Customer Segmentation and Strategy using RFM Analysis in RStudio

Tri Imam Wicaksono
4 min readApr 7, 2019

--

What is RFM Analyis?

Source:www.blastam.com

RFM (Recency, Frequency, Monetary) analysis is a proven marketing model for behavior based customer segmentation. It groups customers based on their transaction history — how recently, how often and how much did they buy.

RFM helps divide customers into various categories or clusters to identify customers who are more likely to respond to promotions and also for future personalization services.

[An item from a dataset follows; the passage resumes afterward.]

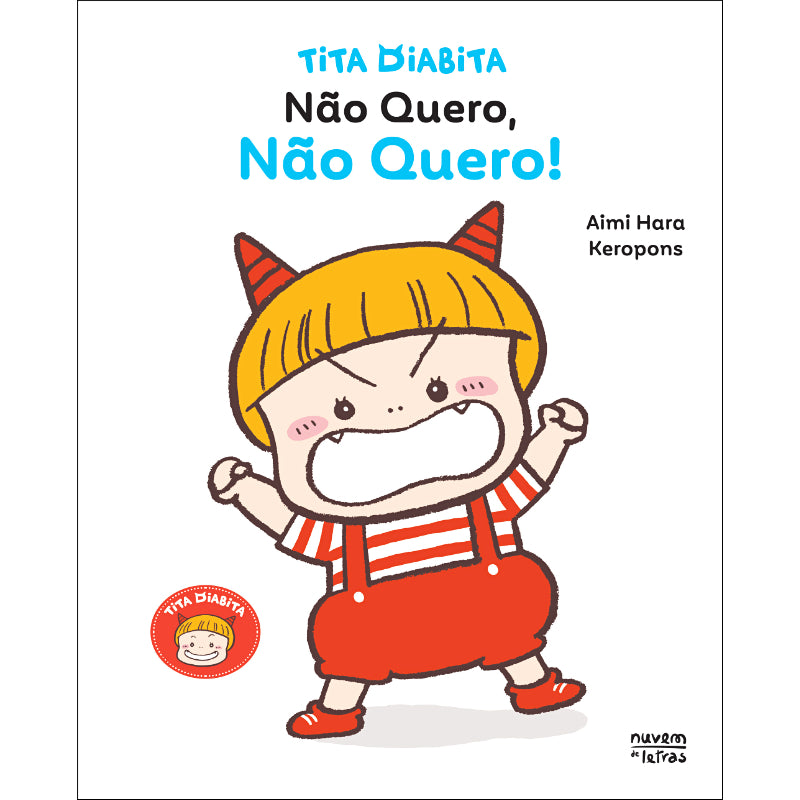 Tita Diabita: Não Quero, Não Quero!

RECENCY (R): Days since last purchase
FREQUENCY (F): Total number of purchases
MONETARY VALUE (M): Total money this customer spent

Example of RFM Scores by Segment
Read more about Segmentation

Order Recency Score

• Order Recency = 4 (ordered in the last 1 to 7 days)
• Order Recency = 3 (ordered in the last 8 to 14 days)
• Order Recency = 2 (ordered in the last 15 to 30 days)
• Order Recency = 1 (ordered more than 31 days ago)

Order Frequency Score

Frequency is based on quartiles.
• Order Frequency = 4 (more then top 25% orders)
• Order Frequency = 3 (quartile 3)
• Order Frequency = 2 (quartile 2)
• Order Frequency = 1 (1 order)

Monetary Score

Monetary is based on quartiles.
• Monetary = 4 (quartile 4)
• Monetary = 3 (quartile 3)
• Monetary = 2 (quartile 2)
• Monetary = 1 (quartile 1)

Dataset

The dataset can be downloaded from UCI Machine Learning Repository.

library(readxl)
trx <- read_excel(“Online Retail.xlsx”)

The dataset is between 01/12/2010 and 09/12/2011.So, I decided to made the analysis date is 01/01/2012.

Data Cleaning

Delete all negative value in Quantity and UnitPrice. We also need to delete all NA value.

library(dplyr)
trx<- trx %>%
mutate(Quantity = replace(Quantity, Quantity<=0, NA),
UnitPrice = replace(UnitPrice, UnitPrice<=0, NA))
trx <- trx %>%na.omit(trx)

Change the character variables to factors and calculate the GMV. So, we get the customer historical purchased dataset

trx <- trx %>% 
mutate(InvoiceNo=as.factor(InvoiceNo), StockCode=as.factor(StockCode),
InvoiceDate=as.Date(InvoiceDate, ‘%m/%d/%Y’), CustomerID=as.factor(CustomerID),
Country=as.factor(Country))
trx <- trx %>%mutate(GMV = Quantity*UnitPrice)
df_customer <- trx%>% select(CustomerID,InvoiceDate,GMV)

RFM Analysis

We have to process the data to get Recency,Frequency, and Monetary from each customers.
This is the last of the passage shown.